- **Task instructions**
An exact transcription of all the entries below is required.

(Short text fragments from websites)
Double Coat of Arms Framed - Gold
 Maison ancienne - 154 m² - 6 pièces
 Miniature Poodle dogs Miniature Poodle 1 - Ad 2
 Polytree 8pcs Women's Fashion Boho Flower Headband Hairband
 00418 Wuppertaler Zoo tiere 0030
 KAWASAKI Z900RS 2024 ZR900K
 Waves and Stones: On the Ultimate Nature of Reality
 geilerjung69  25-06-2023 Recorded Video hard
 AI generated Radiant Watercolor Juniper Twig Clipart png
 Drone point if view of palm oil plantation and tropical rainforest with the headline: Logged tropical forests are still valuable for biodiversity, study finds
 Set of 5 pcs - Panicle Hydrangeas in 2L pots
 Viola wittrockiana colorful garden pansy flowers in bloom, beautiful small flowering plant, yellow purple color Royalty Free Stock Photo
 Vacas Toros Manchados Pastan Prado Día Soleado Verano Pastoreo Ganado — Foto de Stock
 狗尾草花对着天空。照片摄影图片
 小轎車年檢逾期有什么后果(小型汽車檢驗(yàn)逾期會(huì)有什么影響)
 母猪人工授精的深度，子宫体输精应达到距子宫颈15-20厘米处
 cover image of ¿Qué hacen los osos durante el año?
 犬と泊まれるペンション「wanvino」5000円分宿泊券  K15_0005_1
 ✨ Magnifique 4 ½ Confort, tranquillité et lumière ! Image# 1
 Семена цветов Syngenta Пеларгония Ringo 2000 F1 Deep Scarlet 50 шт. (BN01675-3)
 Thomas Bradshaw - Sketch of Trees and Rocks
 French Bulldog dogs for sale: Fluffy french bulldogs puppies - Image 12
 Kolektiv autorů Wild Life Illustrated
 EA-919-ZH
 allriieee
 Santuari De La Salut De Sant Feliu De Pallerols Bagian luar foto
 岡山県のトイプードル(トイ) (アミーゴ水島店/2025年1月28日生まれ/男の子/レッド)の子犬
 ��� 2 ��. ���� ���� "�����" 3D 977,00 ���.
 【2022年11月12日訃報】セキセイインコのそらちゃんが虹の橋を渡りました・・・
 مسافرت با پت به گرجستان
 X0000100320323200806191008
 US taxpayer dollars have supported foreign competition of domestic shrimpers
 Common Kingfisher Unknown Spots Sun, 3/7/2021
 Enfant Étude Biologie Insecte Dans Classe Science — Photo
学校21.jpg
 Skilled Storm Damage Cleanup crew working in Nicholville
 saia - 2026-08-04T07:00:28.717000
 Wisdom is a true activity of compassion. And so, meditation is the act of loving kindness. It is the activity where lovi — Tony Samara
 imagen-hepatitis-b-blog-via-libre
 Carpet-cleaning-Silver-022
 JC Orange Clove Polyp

- **Reply**
Double Coat of Arms Framed - Gold
 Maison ancienne - 154 m² - 6 pièces
 Miniature Poodle dogs Miniature Poodle 1 - Ad 2
 Polytree 8pcs Women's Fashion Boho Flower Headband Hairband
 00418 Wuppertaler Zoo tiere 0030
 KAWASAKI Z900RS 2024 ZR900K
 Waves and Stones: On the Ultimate Nature of Reality
 geilerjung69  25-06-2023 Recorded Video hard
 AI generated Radiant Watercolor Juniper Twig Clipart png
 Drone point if view of palm oil plantation and tropical rainforest with the headline: Logged tropical forests are still valuable for biodiversity, study finds
 Set of 5 pcs - Panicle Hydrangeas in 2L pots
 Viola wittrockiana colorful garden pansy flowers in bloom, beautiful small flowering plant, yellow purple color Royalty Free Stock Photo
 Vacas Toros Manchados Pastan Prado Día Soleado Verano Pastoreo Ganado — Foto de Stock
 狗尾草花对着天空。照片摄影图片
 小轎車年檢逾期有什么后果(小型汽車檢驗(yàn)逾期會(huì)有什么影響)
 母猪人工授精的深度，子宫体输精应达到距子宫颈15-20厘米处
 cover image of ¿Qué hacen los osos durante el año?
 犬と泊まれるペンション「wanvino」5000円分宿泊券  K15_0005_1
 ✨ Magnifique 4 ½ Confort, tranquillité et lumière ! Image# 1
 Семена цветов Syngenta Пеларгония Ringo 2000 F1 Deep Scarlet 50 шт. (BN01675-3)
 Thomas Bradshaw - Sketch of Trees and Rocks
 French Bulldog dogs for sale: Fluffy french bulldogs puppies - Image 12
 Kolektiv autorů Wild Life Illustrated
 EA-919-ZH
 allriieee
 Santuari De La Salut De Sant Feliu De Pallerols Bagian luar foto
 岡山県のトイプードル(トイ) (アミーゴ水島店/2025年1月28日生まれ/男の子/レッド)の子犬
 ��� 2 ��. ���� ���� "�����" 3D 977,00 ���.
 【2022年11月12日訃報】セキセイインコのそらちゃんが虹の橋を渡りました・・・
 مسافرت با پت به گرجستان
 X0000100320323200806191008
 US taxpayer dollars have supported foreign competition of domestic shrimpers
 Common Kingfisher Unknown Spots Sun, 3/7/2021
 Enfant Étude Biologie Insecte Dans Classe Science — Photo
学校21.jpg
 Skilled Storm Damage Cleanup crew working in Nicholville
 saia - 2026-08-04T07:00:28.717000
 Wisdom is a true activity of compassion. And so, meditation is the act of loving kindness. It is the activity where lovi — Tony Samara
 imagen-hepatitis-b-blog-via-libre
 Carpet-cleaning-Silver-022
 JC Orange Clove Polyp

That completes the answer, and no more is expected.